**WHAT YOU NEED TO DO**
In the records below, find the line that contains "THE BEAUTY OF GOD’S CREATION HOODIE" and the line that contains "Stance truck Pin", then retype exactly those two lines and every line between them.

**RECORDS SHOWN**
● ● ● ●

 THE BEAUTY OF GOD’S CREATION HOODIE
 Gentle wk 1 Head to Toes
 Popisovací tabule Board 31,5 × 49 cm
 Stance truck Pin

● ● ● ●

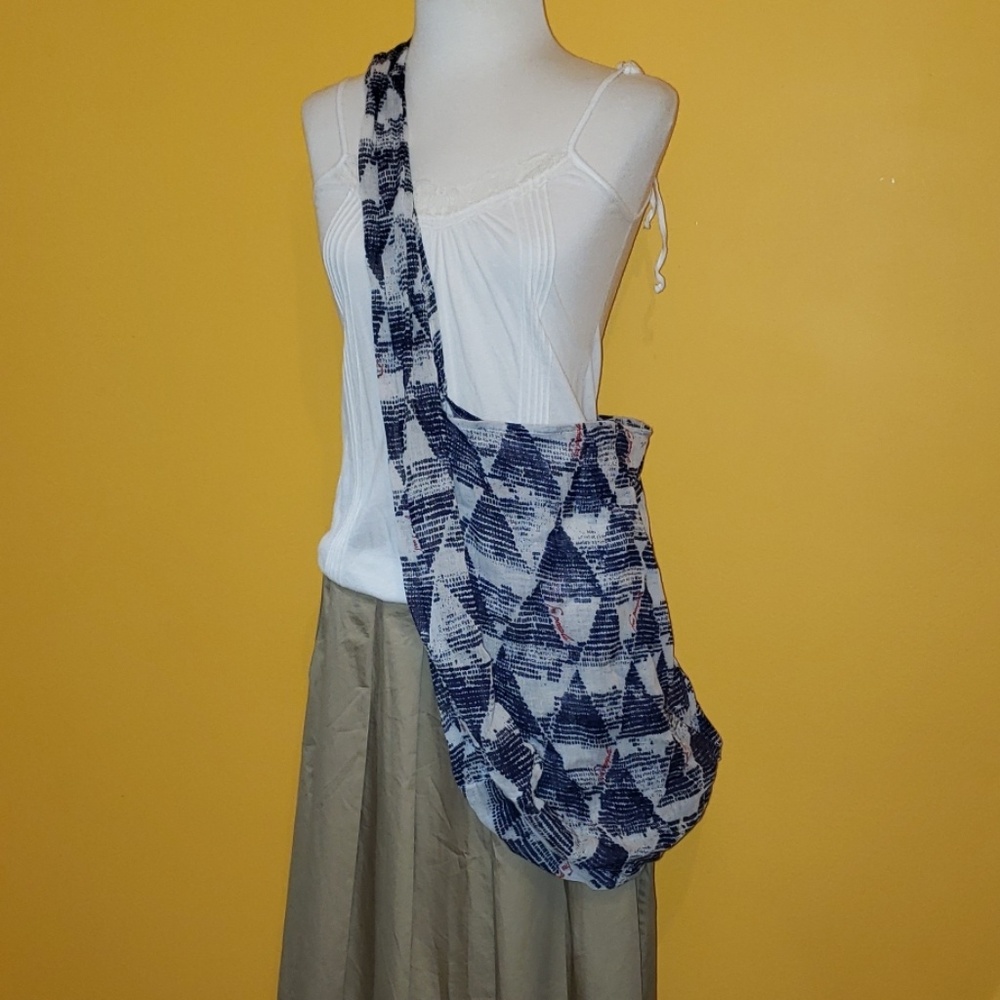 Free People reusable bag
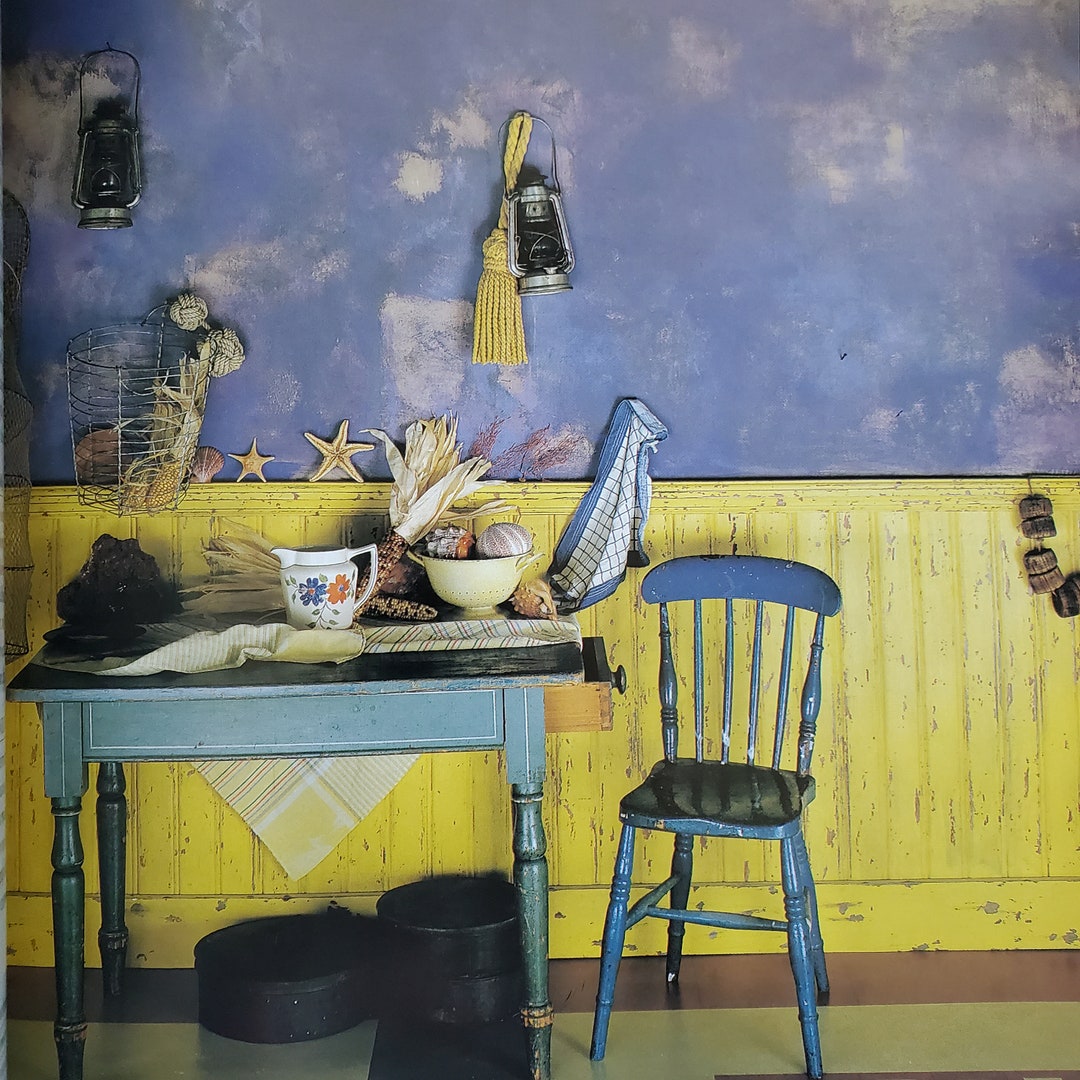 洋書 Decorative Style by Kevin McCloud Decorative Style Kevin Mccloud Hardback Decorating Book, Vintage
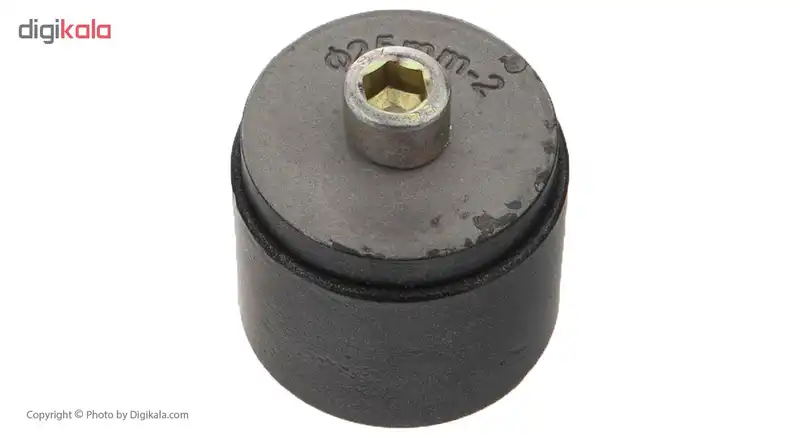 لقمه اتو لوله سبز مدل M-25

● ● ● ●

**RESPONSE TO THIS TASK**
 THE BEAUTY OF GOD’S CREATION HOODIE
 Gentle wk 1 Head to Toes
 Popisovací tabule Board 31,5 × 49 cm
 Stance truck Pin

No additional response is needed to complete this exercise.